Another way to look at these data is to realize that all St. Lawrence students with family incomes of $100,000 or less received some grant aid from St. Lawrence, and 81% of students with family incomes of $100,000 or more received some grant aid from St. Lawrence. Students from families with income less than $20,000 actually pay “negative tuition” at St. Lawrence. That is, we, using our financial aid funds and federal and state funds, not only fully subsidize their tuition, but we also provide an average of $3,421 toward their room and board costs. These students typically make up the difference by summer work, on-campus jobs, and student loans. There is rarely any real parental contribution for students in that family income category.

Yet another way to look at it is to note that this year 22% of incoming students at St. Lawrence were Pell Grant recipients. The Pell Grant program is for the very lowest income students nationally. St. Lawrence ranks fifth among selective national liberal arts colleges in the percentage of its students receiving Pell Grants. We have a very diverse student body with regard to family income.

We are able to do it because all students are subsidized. That is also where the perception of higher quality comes in also. This year we are spending, from all sources and for all purposes, about $60,000 per student. Full-pay students, of whom there about 15% of our student body, pay $35,500 in comprehensive fee. The average student pays roughly $20,000 in comprehensive fee. That subsidy comes from our endowment, from our fund-raising, and from the value of our existing plant and equipment, all of which are fully owned by the university.

This is a highly progressive way to have students and their families pay for college.

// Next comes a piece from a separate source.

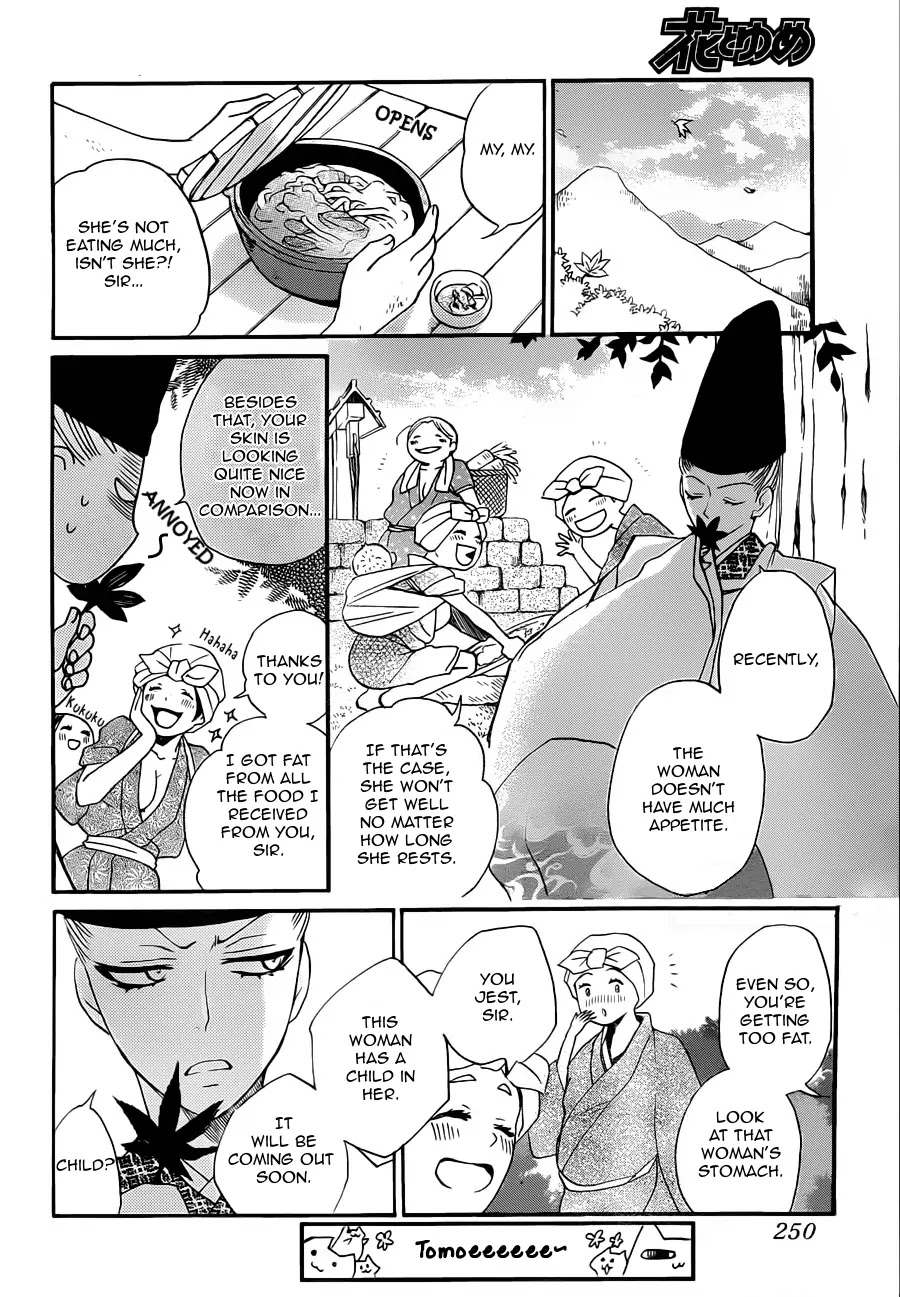 Kamisama Hajimemashita Chapter 97 page 12 - Chapter 97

The subsidies go differentially to those who need them most, and all are subsidized to some extent. That this works for the people in New York State is shown by the fact that independent sector enrollment has been increasing in New York while SUNY and CUNY four-year enrollments have been flat for almost 15 years.

There is much that I could say about how data like these should inform our public policy discussions, and maybe we can get to some of that in your questions. Let me just say here that, in my view, more of New York State’s subsidy of higher education should be provided according to students’ financial need. At the very least, increases in the state’s Tuition Assistance Program (TAP), and its higher education opportunity programs (HEOP and CSTEP), should receive very high priority in tight budget times. These programs work. They help us and our public sector partners to ensure that talented but needy New York students can afford to attend college.

I’m going to stop there and thank you for your attention. I look forward to your questions.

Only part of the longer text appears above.